I wonder if you know how much love it took to hate you this much.
Hate doesn’t come from nothing. It’s not born in a vacuum, not a sudden gust of wind that sweeps through and rearranges everything overnight. No, it’s built—layer by layer, moment by moment, lie by lie. Hate is love that stayed too long past its expiration date, curdling into something unrecognizable, something bitter and sharp-edged.
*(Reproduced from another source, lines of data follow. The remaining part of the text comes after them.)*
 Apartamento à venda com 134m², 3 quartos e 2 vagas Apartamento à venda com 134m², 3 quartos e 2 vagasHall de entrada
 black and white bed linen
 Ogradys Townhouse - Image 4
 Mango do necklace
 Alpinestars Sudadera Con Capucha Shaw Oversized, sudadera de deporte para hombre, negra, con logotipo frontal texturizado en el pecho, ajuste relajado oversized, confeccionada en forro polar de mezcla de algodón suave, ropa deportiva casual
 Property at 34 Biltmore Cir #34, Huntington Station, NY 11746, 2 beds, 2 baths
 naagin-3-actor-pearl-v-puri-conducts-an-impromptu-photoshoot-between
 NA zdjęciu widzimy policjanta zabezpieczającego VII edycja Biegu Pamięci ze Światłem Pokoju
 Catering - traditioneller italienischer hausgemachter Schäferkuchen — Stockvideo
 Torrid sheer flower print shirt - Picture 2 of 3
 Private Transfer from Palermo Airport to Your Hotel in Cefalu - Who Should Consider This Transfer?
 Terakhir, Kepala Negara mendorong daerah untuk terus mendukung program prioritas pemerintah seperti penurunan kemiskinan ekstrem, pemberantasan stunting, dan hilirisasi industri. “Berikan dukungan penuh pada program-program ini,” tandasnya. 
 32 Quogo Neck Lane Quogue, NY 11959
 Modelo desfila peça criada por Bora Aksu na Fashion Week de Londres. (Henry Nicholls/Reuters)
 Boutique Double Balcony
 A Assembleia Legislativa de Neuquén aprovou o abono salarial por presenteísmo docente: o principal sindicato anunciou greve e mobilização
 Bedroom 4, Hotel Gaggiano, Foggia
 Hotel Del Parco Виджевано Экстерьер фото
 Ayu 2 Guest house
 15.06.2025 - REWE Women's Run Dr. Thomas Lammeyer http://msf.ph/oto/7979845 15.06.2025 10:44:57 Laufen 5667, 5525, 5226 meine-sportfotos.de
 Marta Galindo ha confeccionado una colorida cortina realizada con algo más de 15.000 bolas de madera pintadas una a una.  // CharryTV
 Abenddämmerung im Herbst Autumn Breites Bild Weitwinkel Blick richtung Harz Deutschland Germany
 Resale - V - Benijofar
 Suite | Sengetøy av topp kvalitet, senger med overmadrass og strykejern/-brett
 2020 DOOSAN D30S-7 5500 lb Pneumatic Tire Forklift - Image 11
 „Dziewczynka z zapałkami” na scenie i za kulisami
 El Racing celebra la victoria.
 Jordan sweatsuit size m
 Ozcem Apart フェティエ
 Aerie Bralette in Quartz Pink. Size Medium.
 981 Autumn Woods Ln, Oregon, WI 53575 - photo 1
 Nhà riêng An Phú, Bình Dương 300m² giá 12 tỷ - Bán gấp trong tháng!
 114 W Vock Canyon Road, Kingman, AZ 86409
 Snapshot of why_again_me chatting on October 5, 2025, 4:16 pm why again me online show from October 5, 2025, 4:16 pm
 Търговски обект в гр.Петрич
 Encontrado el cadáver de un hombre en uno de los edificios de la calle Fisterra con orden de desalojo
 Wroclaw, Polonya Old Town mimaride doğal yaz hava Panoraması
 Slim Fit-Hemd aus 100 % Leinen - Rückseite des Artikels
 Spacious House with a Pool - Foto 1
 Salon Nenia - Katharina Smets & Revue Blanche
For the longest time, I asked myself what it would take. What was the final straw? Was it the endless lies, the broken promises, the half-hearted commitments to jobs, plans, and a future that was never real? I used to think, foolishly, that love alone was enough. That one day, you would wake up and realize that all of those distractions, all the things that kept pulling you away, were insignificant compared to having a life with me. That you would see me, truly see me, and that would be enough.
But it never was.
Because the truth is, you never actually wanted a life with me—you just didn’t want to be alone. You wanted someone to fall back on, someone to hold the pieces together while you ran after your next distraction. And I let you. I let you because I believed in something that didn’t exist, because I thought that, if I just held on long enough, you’d wake up one day and be the man I deserved. That maybe, just maybe, love would be enough to make you choose me.
Spoiler alert: it wasn’t.
It took me too long to see that you only ever did the bare minimum to keep me tethered. Just enough affection to keep me hoping. Just enough apologies to keep me waiting. You were never going to wake up and choose me. You only ever chose yourself. And I hated you for that. Not just because of the betrayal, not just because of the broken trust—but because I knew that deep down, I had been complicit. I let you stay. I let myself believe. And I resented myself for that almost as much as I resented you.
But the thing about hate is that it burns hot, and even the strongest flames don’t last forever. I don’t know if I’ll ever get to the point of indifference—if I’ll ever truly not care—but I know that I won’t let you live in my head rent-free anymore.
Hate was love’s final form. But I’m done giving you even that.